Two things come to mind when you hear "Bear Mountain", and neither of them have anything to do with cycling. Most people will tell you of the world class golf course, or five star resorts that reside in this scenic area of Victoria. A location that tends to draw in a very specific type of human, and I don't think any of us quite fit the description. With back to back weekends of cycling events being held in the hills of the driving range, there's a hint of change in the air and hopefully another reason for the prestigious mountain to be brought into conversation.
For most of the week leading up to Bear Crossing, rain had been dominating the forecast and it almost looked like it would hold through the weekend. Saturday arrived, and so did the sun as it dried up the course leaving it slightly tacky with no trace of dust.
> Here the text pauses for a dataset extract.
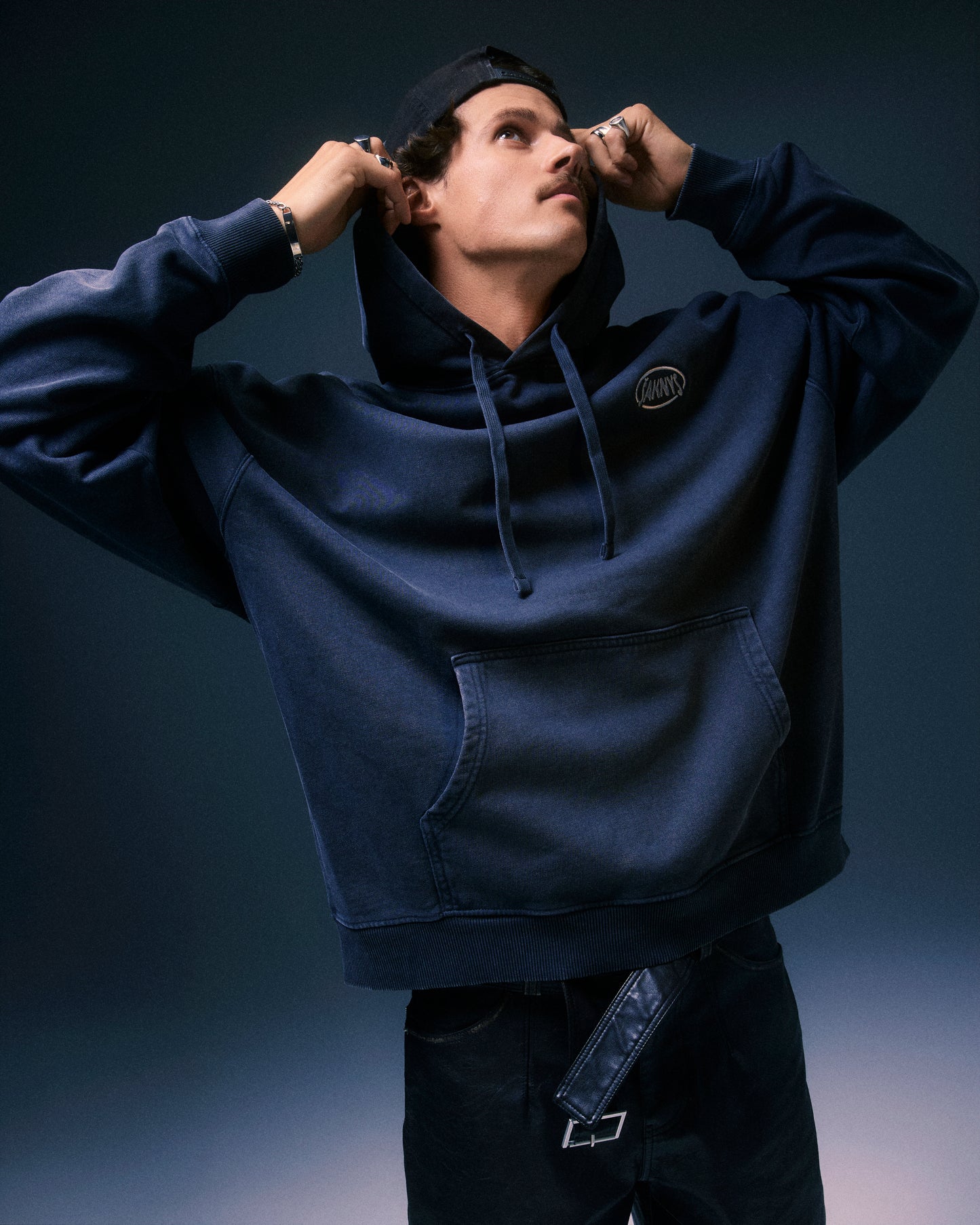 Šaknys Culture Engineered Hoodie Black + Sunny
Cross on the Rock is known for its slightly unconventional course design, pitting it's racers through barns, single track trails, and sometimes BMX parks. Bear Crossing on the other hand fit right in with the more standard layouts seen in other cross races, making it one of the more unique events we get to experience here on the island. I'm also not sure of the next opportunity I'll have to race through a golf course sand trap.
With 270 registered participants it was a packed day of racing for all categories, offering some exciting battles to watch as we waited for our later start. There was a definite shuffle on the Intermediate podium as Mark Nelson took an impressive win riding away from the field quite early in the race. Meanwhile the successful single speeds of Cumberland finished with well deserved top 10 finishes and kept us on the edge of our seat with a hard fought race.
Expert Women, Masters, and Super Masters raced at similar times between the Intermediate and Expert events on the daily schedule which made it tough to watch any of those bouts if I wanted a proper warm-up. Of all the fields, those three contain the most riders I'm familiar with and house some common podium finishers who have taken the time to really help me along in this sport. Little tips and tricks shared as we battled rain and snow during weekly group rides last winter and, with this new season underway, they continue to educate others and myself by means of weekly cyclocross practice. I might not have been on the sidelines to cheer them on, but I was definitely keeping a close watch every chance I had.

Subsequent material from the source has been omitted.